(Aim of the task): Only the lines from the one containing "高端水钻带支架适用realme真我GT5手机壳新款 上档次13 女款" through the end of the entries are wanted, retyped exactly and without pictures.

(Short web captions):
⟨

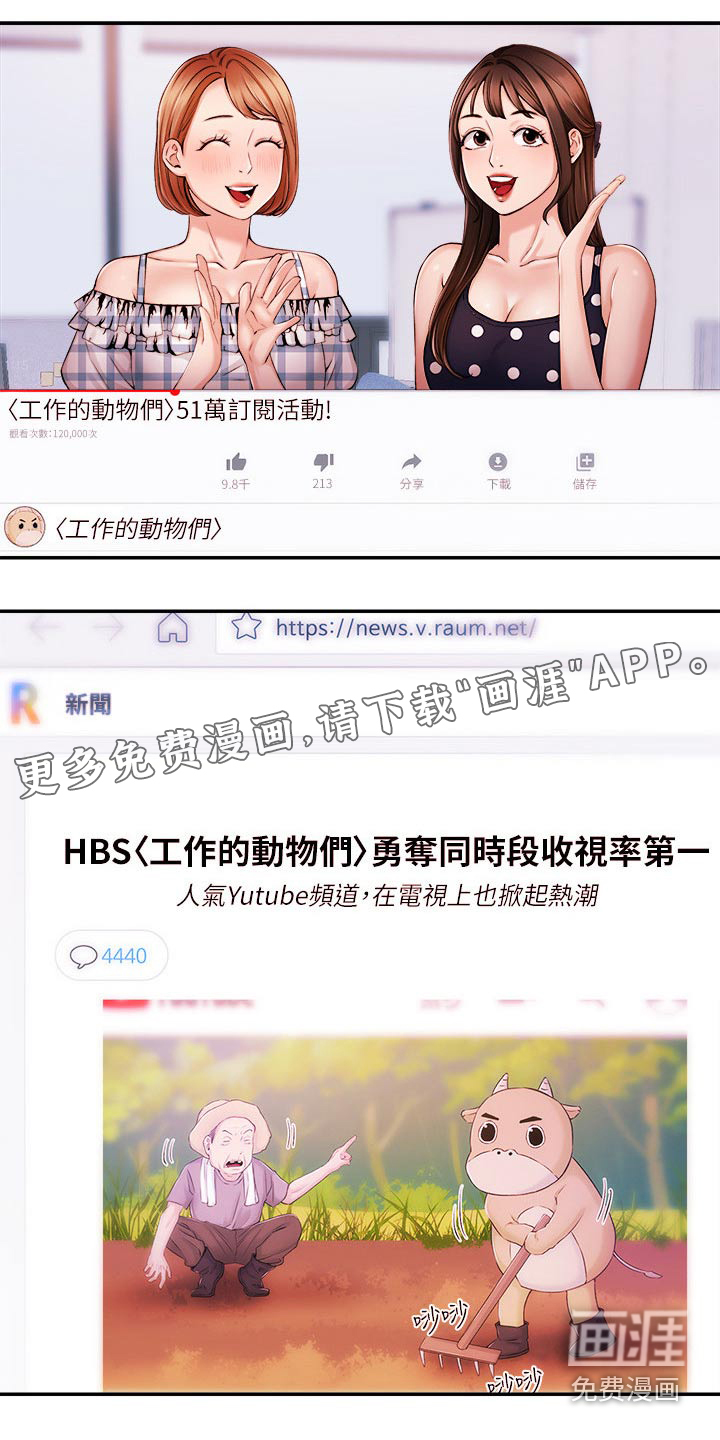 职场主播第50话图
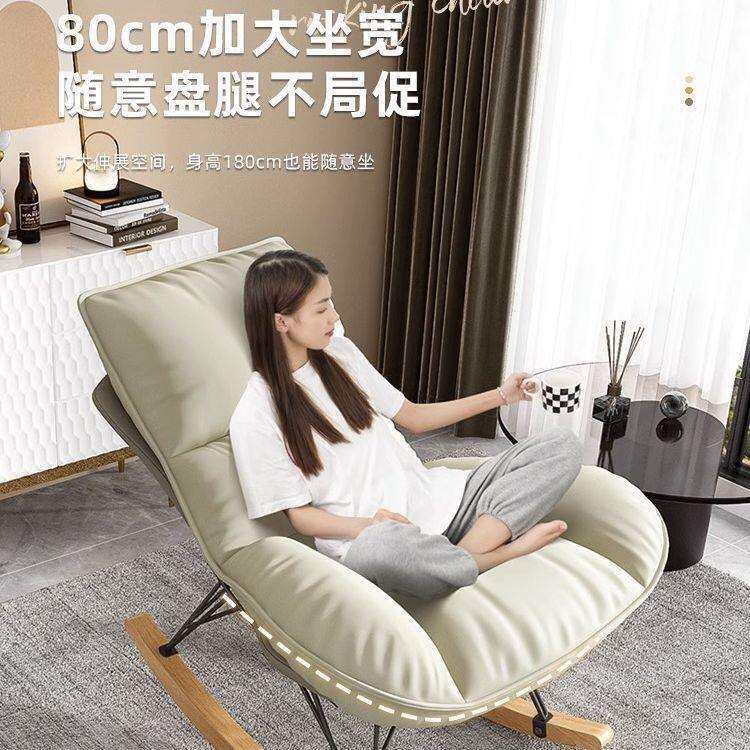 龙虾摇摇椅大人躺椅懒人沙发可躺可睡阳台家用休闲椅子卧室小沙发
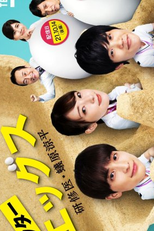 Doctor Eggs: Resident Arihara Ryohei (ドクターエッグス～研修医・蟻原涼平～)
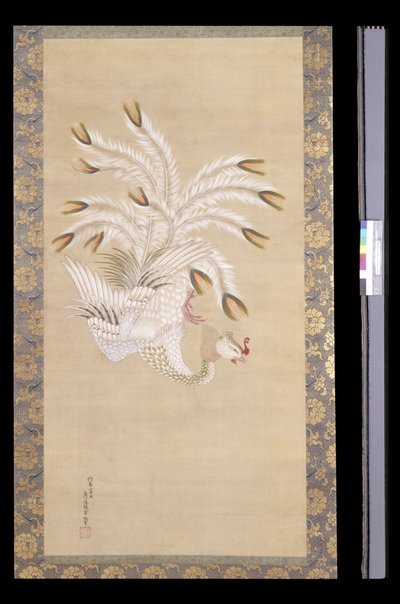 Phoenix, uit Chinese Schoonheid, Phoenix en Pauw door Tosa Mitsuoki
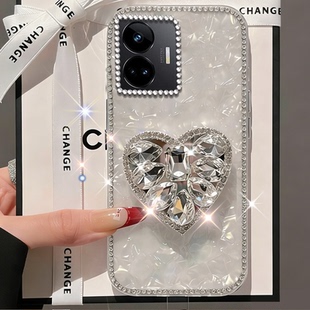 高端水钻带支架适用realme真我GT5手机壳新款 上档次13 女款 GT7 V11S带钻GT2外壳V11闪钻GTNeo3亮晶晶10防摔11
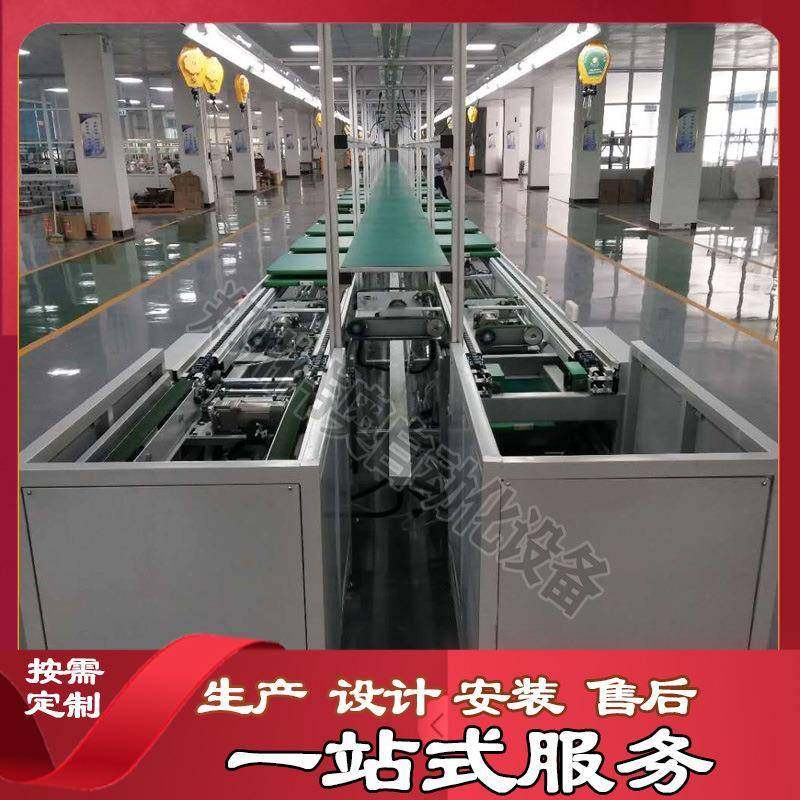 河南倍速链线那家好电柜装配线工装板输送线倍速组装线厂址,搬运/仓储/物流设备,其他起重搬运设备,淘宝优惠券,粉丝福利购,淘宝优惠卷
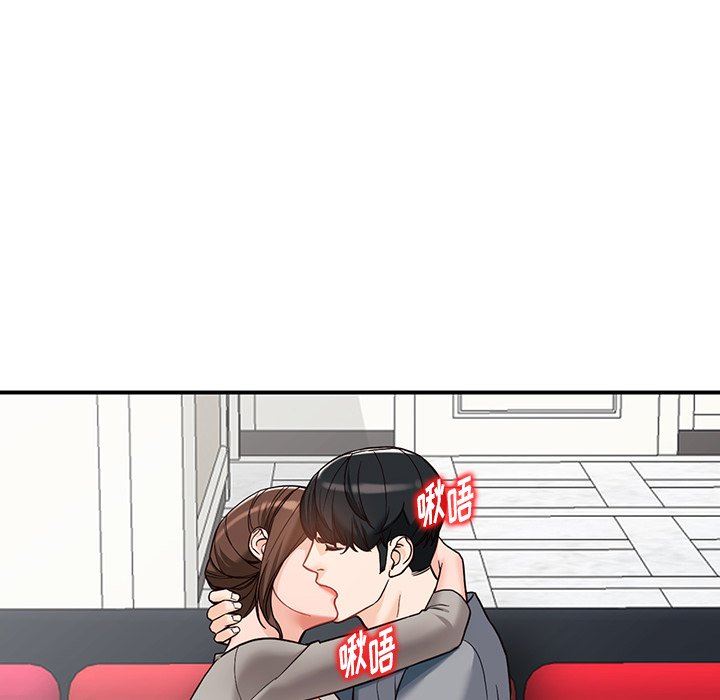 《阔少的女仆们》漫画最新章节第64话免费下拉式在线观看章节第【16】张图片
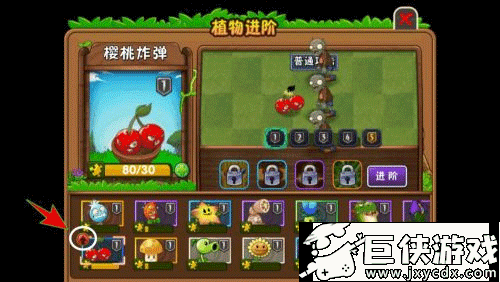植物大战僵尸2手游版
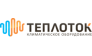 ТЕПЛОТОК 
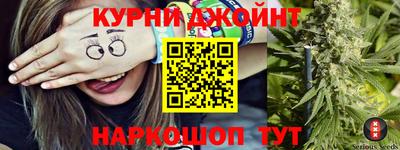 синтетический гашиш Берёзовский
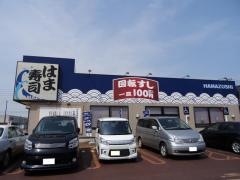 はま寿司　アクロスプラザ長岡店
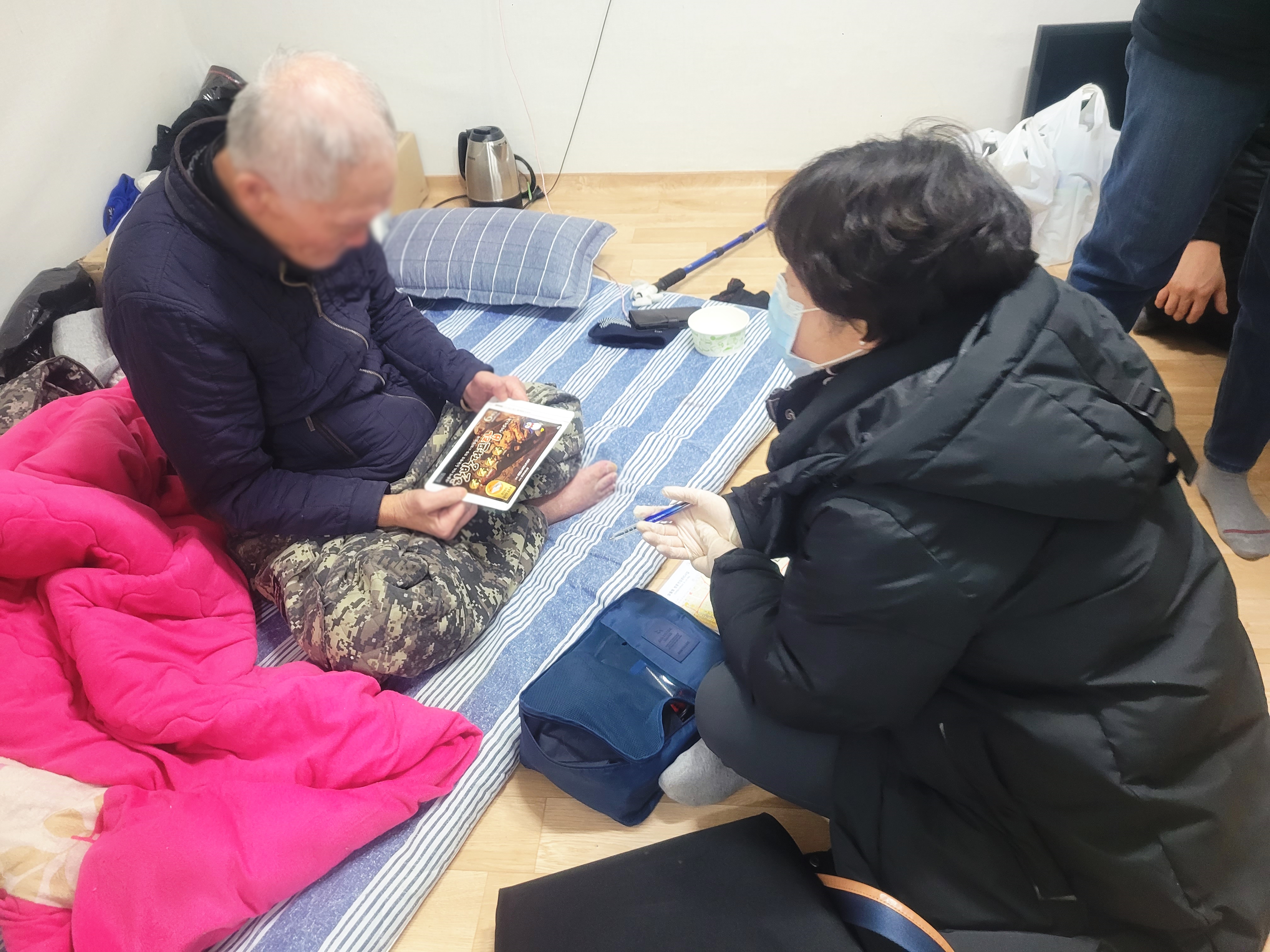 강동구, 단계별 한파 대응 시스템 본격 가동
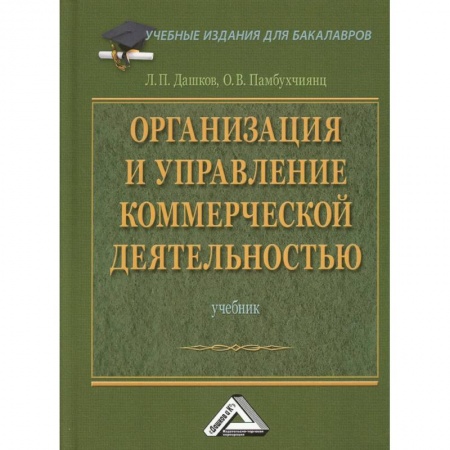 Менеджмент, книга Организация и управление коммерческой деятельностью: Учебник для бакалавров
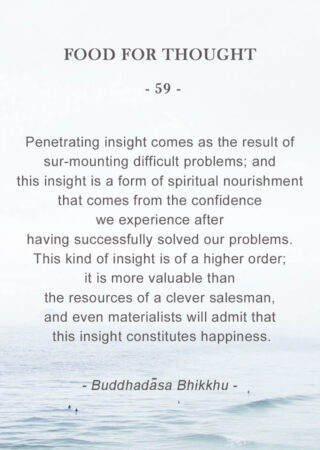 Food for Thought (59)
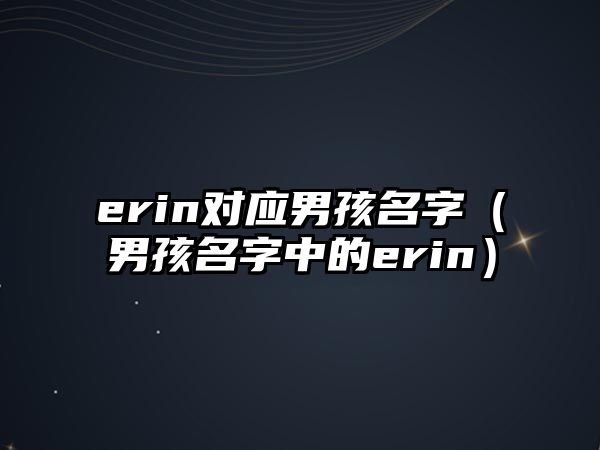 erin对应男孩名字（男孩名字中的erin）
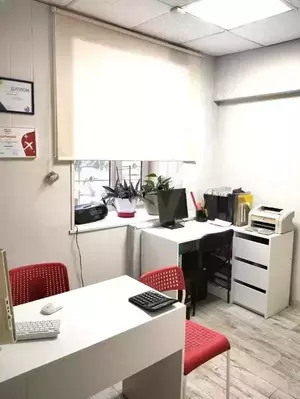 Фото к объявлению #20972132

⟩

(Problem solution):
 高端水钻带支架适用realme真我GT5手机壳新款 上档次13 女款 GT7 V11S带钻GT2外壳V11闪钻GTNeo3亮晶晶10防摔11
 河南倍速链线那家好电柜装配线工装板输送线倍速组装线厂址,搬运/仓储/物流设备,其他起重搬运设备,淘宝优惠券,粉丝福利购,淘宝优惠卷
 《阔少的女仆们》漫画最新章节第64话免费下拉式在线观看章节第【16】张图片
植物大战僵尸2手游版
 ТЕПЛОТОК 
 синтетический гашиш Берёзовский
 はま寿司　アクロスプラザ長岡店
 강동구, 단계별 한파 대응 시스템 본격 가동
 Менеджмент, книга Организация и управление коммерческой деятельностью: Учебник для бакалавров
 Food for Thought (59)
 erin对应男孩名字（男孩名字中的erin）
 Фото к объявлению #20972132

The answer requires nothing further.